Historiker, Filmwissenschaftler und Politologen befassen sich in dem Workshop mit dem Wertewandel der 1950er- bis 1980er-Jahre sowie der filmischen Auseinandersetzung mit der Jugend. In den 50er-Jahren verstanden sich Jugendliche erstmals als eigene Gruppe mit eigener Kultur. Massenmedien und US-amerikanische Musik spielten eine wichtige Rolle. „Die Filme oszillierten zwischen Faszination und moralischer Verurteilung“, so Classen. In den 60er-Jahren war in vielen Filmen der Wandel gesellschaftlicher Normen und Werte ein wichtiges Thema. Umweltkatastrophen, der Kalte Krieg und Spionage standen im Vordergrund.
Die Wirkung der Filme war oftmals weder vorhersehbar noch erwünscht. In dem Defa-Film „Die Glatzkopfbande“ von 1963 wird eine gefährliche und rücksichtslose Rockerbande gezeigt, die Urlauber an der Ostsee terrorisiert. Classen: „Das sollte eigentlich abschreckend wirken, faszinierte aber viele Jugendliche in der DDR so sehr, dass diese dann versuchten, die Rocker nachzuahmen.“ Jugendliches Fehlverhalten als Ergebnis westlichen Einflusses habe in den 1960er- und 1970er-Jahren die Filme der DDR dominiert, so Classen. Danach habe eine differenzierte Auseinandersetzung mit dem Westen eingesetzt, die auch konstruktive Kritik zuließ und den Alltag stärker thematisierte.

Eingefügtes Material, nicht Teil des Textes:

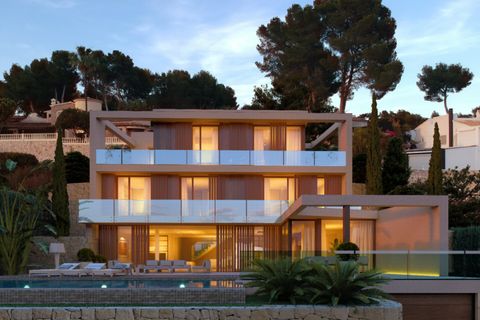 Villa i Benissa, Alicante, Benissa - € 3.049.000 | Ref: 2454V - foto 1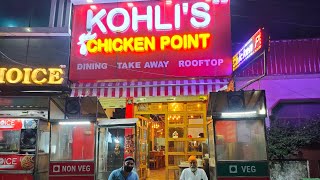 1987 Se Haldwani Ka Number 1 RestaurantKOHLIS Chicken pointKohli special chicken [upl. by Niad]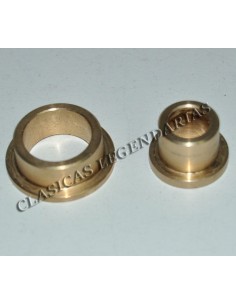 Casquillos de bronce puesta en marcha motor Montesa Impala, Cota,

Deutlich sei das zum Beispiel in „Solo Sunny“ von Konrad Wolf aus dem Jahre 1980 geworden, einem in Ost und West vielfach ausgezeichneten Film, der jugendliche Identitätsprobleme darstellte.

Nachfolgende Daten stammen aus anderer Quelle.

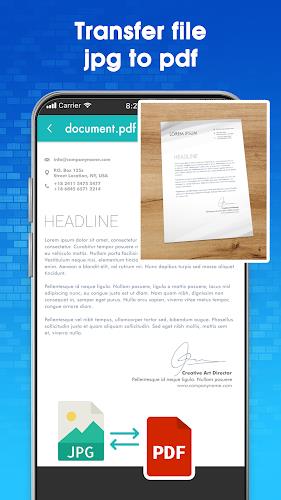 PDF Scanner - Scanner App Screenshot 5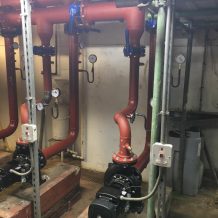 Basement Pumps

Während im Osten Filme zur Jugendgewalt als Teil der politischen Auseinandersetzung mit dem Kalten Krieg verstanden wurden, sollte Jugendgewalt in westeuropäischen Filmen oft vor allem Zuschauer in die Kinos locken. Wie sehr die Darstellung von Jugendgewalt eine Gesellschaft aufwühlen konnte, zeigten die Reaktionen auf Kubricks „A Clockwork Orange“ von 1971. In den USA gehörte der Film zu Kubricks größten kommerziellen Erfolgen. In Großbritannien löste die schockierende Darstellung scheinbar unmotivierter Gewaltexzesse eine Debatte aus, mit der auch Kubrick nicht gerechnet hatte: Er ließ die Aufführung des Films kurz nach dem Kinostart stoppen, um sich vor Anfeindungen zu schützen. Maren Herbst
Der öffentliche Workshop findet am Donnerstag, 11. April, von 14 bis 18 Uhr im ZZF (Am Neuen Markt 9d) statt.